Investor, Board Member and CEO AISERA, Inc.an AI Service Management Company (AISM).
On Microsoft’s most recent earnings call, CEO Satya Nadella offered one optimistic assessment of the company’s progress with Generative AI. The strategic partnership with OpenAI has proven to be a highly successful venture, potentially giving Microsoft a significant advantage over rivals such as Google and Amazon.
But Nadella’s message went beyond just large language models (LLMs). He also emphasized the importance of small language models (SLM) in Microsoft’s development strategy. He pointed to adoption by companies such as AT&T, EY and Thomson Reuters.

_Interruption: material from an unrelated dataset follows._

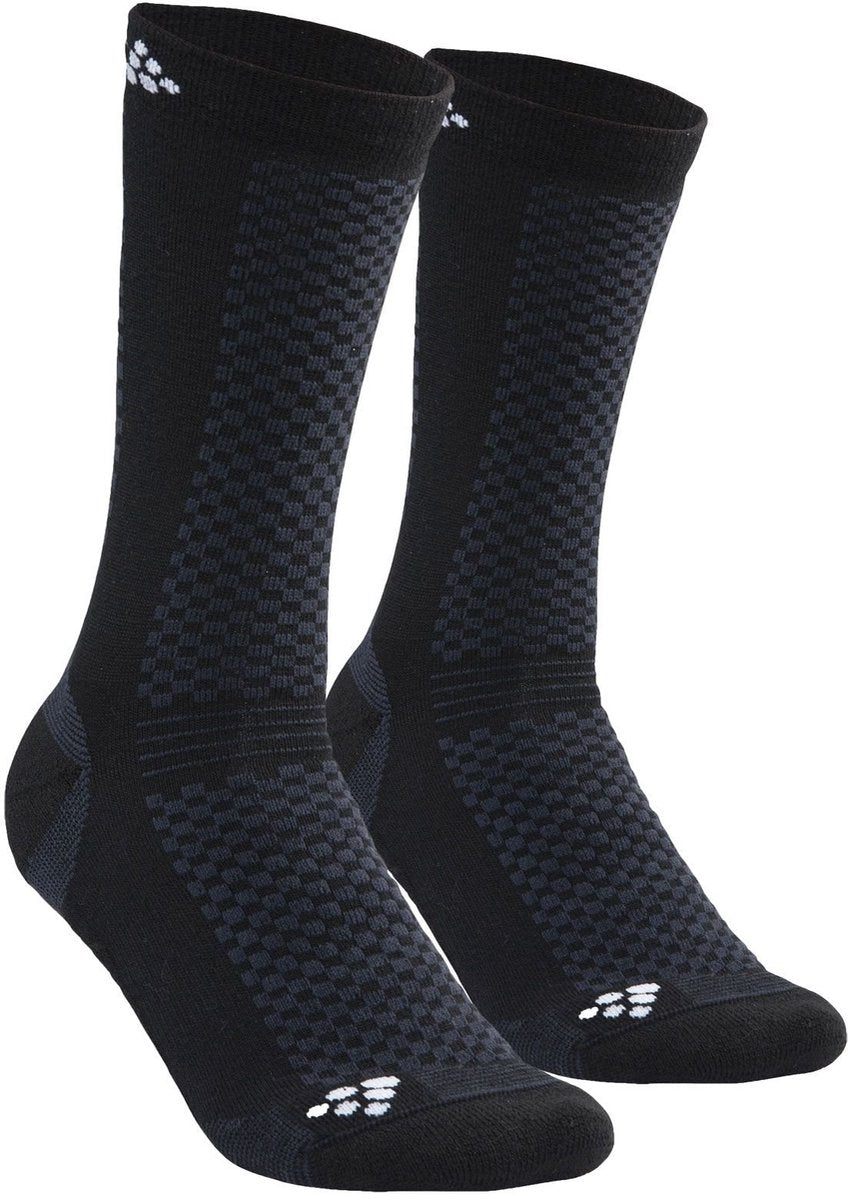 Craft warm mid 2-pack sock - zwart - maat 37-39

SLMs are generally five to 10 times shorter than LLMs. However, reduced size is not necessarily a disadvantage. SLMs still have significant potential and, in some cases, can perform on par with their larger LLM counterparts.
The SLM category is relatively nascent and subject to rapid innovation. Consequently, most businesses are currently experimenting with these models in pilot phases. But this technology has significant potential.
The problems with LLMs
While LLMs are a new technology, they have already become a major force in the business sector. They excel at processing, summarizing and analyzing large amounts of data and provide valuable insights for decision making. Then there are the advanced features for creating compelling content and translating foreign languages.
However, LLMs have significant disadvantages for business. One is the accuracy and quality of the model outputs. This includes not only the bias within the models, but also addressing the issue of “illusions”. These are cases where the model produces reasonable, but practically incorrect or meaningless information.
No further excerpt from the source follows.